2012 Rolling Over the 100K
Part 5 of 10
Sixes and Sevens
I don't know what it is about Alberta but every time I go through that Province I end up feeling like I've been kicked-around a bit. I was leaving BC heading towards the Alberta border when I felt something ominous was about to happen. For those of you who remember the B&W cowboy movies from the old days where stagecoach wheels reversed rotation when they were slowing down and fast-moving cumuli-nimbus clouds moved at breakneck speed across an ugly sky – the latter was all happening now right above my head. They had found me! They unleashed their thousand-gallon loads of heavy rain right on top of me. It was no co-incidence that this occurred just as I was passing the “Welcome to Alberta” sign to my right. There had to be some sinister connection. I stopped to put my rain suit on my already drenched body. There was no shelter.

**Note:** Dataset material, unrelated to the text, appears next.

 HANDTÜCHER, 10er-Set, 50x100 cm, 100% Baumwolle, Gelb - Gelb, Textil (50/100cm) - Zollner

No respite. I had to grin and bear it as I began the long and lonely trek south to the US Border at Montana. It was going to be a long, wet, cold ride with very few, if any, gas stations.
Sixes and Sevens
I was the sole vehicle at the border and the US Border Guard looked like I'd spoiled his morning coffee. There was no friendly greeting - no smile - no wave - no nothing. He held out his hand and said “Passport”. I shut off my engine and started to dismount. He barked “Why are you getting off your bike?” “To get my passport” I said, “Its in my knapsack on my back”. “ It shouldn't be in your knapsack. You should carry it in the front pocket of your rain-suit ready to give to me!” When I handed it to him he asked “What's your licence plate number?” I told him I didn't know. He said “Do you own the motorcycle?” I told him “Yes” to which he said that if I really owned the motorcycle I should be able to tell him my plate number. I was getting a little annoyed at his interrogation so I responded by saying a little too sharply. “Well – its a BC plate with lots of sixes and sevens.” I noticed that he was now concentrating on his monitor so I quietly took a couple of steps backwards and read out loud - BC 6766! He handed me my passport and waved me on my way.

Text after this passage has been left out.